This week, I’ve looked through two sets of guidelines, both for household-name B2B brands. Both are multinationals with budgets to get most agencies salivating. They’re on nice, shiny, well produced documents, which look good in print.
But I’m looking through them to see how we use the brands for online projects we’re planning, and realising that, if these documents are anything to go by, we’re all in danger of letting our brands run amok.
Times are changing
There’s pretty much nothing about online design in either of these guideline documents, unless you count one very rough web layout which is obviously done by a print-based designer. It’s a wireframe at best, and it’s not very useful. In fact, as interfaces go, it’s actually a bit rubbish. Oh, and they advise me to use Gifs online. Thanks for that.
Both documents were produced relatively recently, one in 2004 and one in 2007. But a lot has changed in the last few years. The way people interact with brands is now different.
Many interactions with brands happen online. Brands need to be designed to work on the web, because that’s often where they’re built, experienced and shared – and not on a letterhead.
This change means that most of what these ‘guidelines’ contain is a now a total irrelevance to the way a brand needs to be used. What we need to know of how the brand should live in the online environment is completely absent.
So, the question is, how can we be on-brand if the document that is supposed to govern this was written from a bygone era? It’s like watching Madmen to learn how to manage your agency (though not as much fun).
First, stop telling me what to do
Anyway, they are not so much ‘guidelines’, as ‘rules’. These brand ‘guidelines’ are still obsessed by control: they are telling you dos and don’ts; defining safe areas; describing how a business card looks; and telling you exactly how you must describe the business.
It’s all one way. It feels very old school. You can’t control now; that age of marketing has gone. It’s no wonder we joke about ‘brand police’, but shouldn’t we now be talking about ‘brand mentors’?
It seems these brands are also obsessed with print representation and barely consider how the brand is rendered online (that’s the least of their troubles), let alone how the brand lives online in our connected, converged world. Yet, in many cases, this should be the first place they are tested.
Going beyond ‘corporate identity’
I don’t think these really are brand guidelines. In my opinion, calling them that is wrong. They are really just corporate identity guidelines for print, and little else.

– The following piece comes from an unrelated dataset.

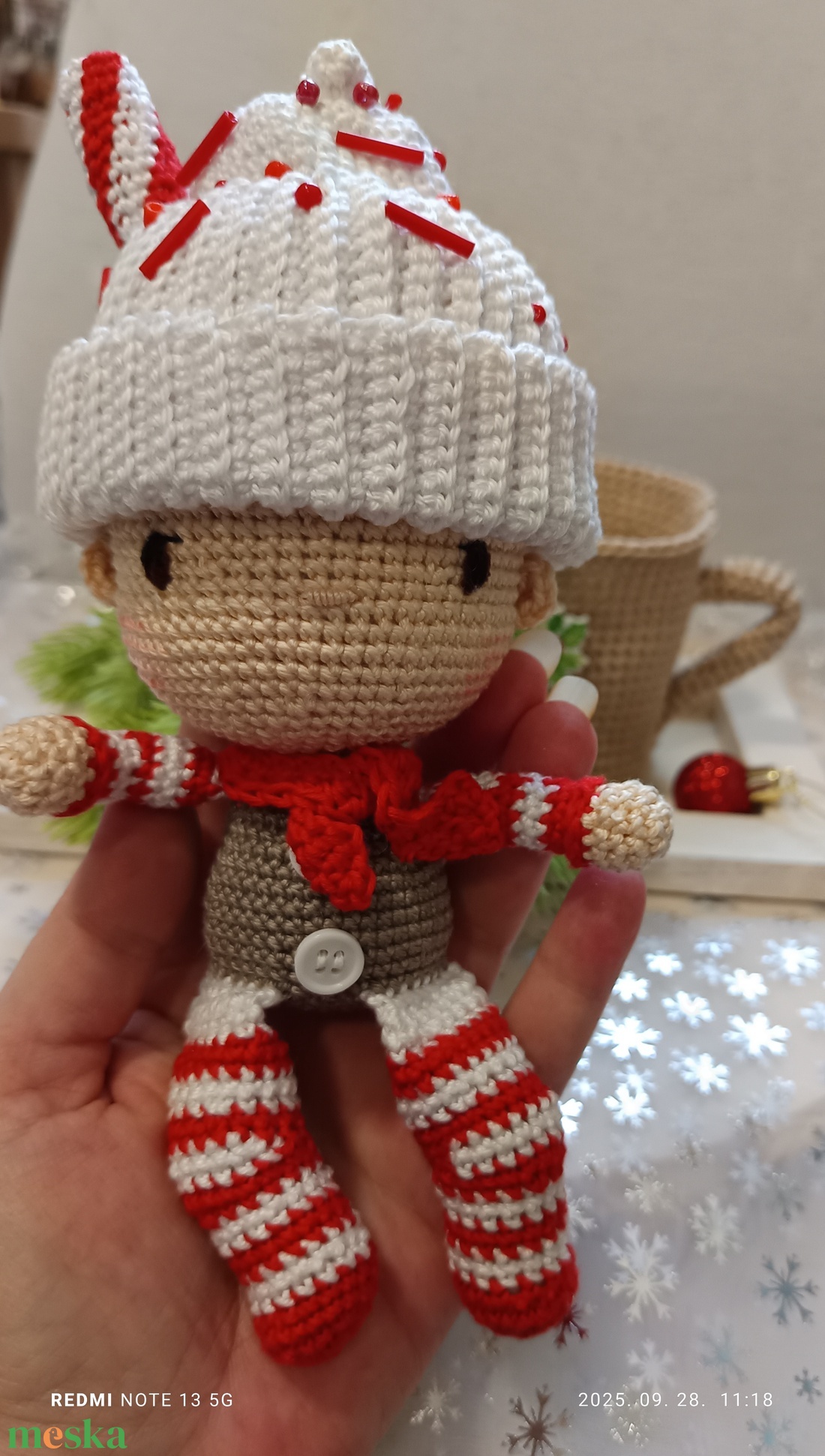 Manó bögrében - karácsony - karácsonyi lakásdekoráció - karácsonyi manók, figurák - Meska.hu Manó bögrében - karácsony - karácsonyi lakásdekoráció - karácsonyi manók, figurák - Meska.hu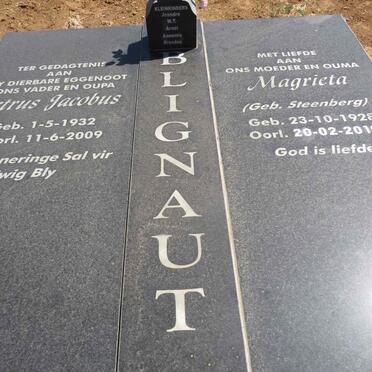 BLIGNAUT Petrus Jacobus 1932-2009 & Magrieta STEENBERG 1928-2019_3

I totally agree that the integrity of a brand’s identity is essential to maintain. But I think calling these documents brand guidelines is some way off the mark from what they are. I think their production has become formulaic. It needs to change dramatically.
But, let’s face it, they already exist for a lot of businesses, and as the suggestion of a ‘brand-refresh’ in the current economic situation gives most financial directors heart palpitations, we must work with them. But I hope that marketing and brand managers will recognise when they have no real relevance to the sort of marketing they need to do now.
Robust and realistic guidelines
So here is what I think any brand guidelines of 2009 should include:
- Our brand online
- How the user should experience our brand online
- How our company blogs
- How we present ourselves on social media
- How we look to encourage participation with our brand
- How we participate with other conversations or groups
- How to monitor our brand online
- How we tweet
- Our website behaviours and interactions
- How we use microsites/landing pages
- Tone of voice and copy guidelines that consider SEO etc.
And so on.
I will admit, however, that there is a need for balance here. Some guidance on print production is necessary because most brands still use print.
But the emphasis has now changed and if the guidance we give to our working partners and agencies does not help them to support the brand online, we will lose all chance of consistency and end up with discordant and ultimately weaker brands. This is a very high price to pay for a shiny brochure.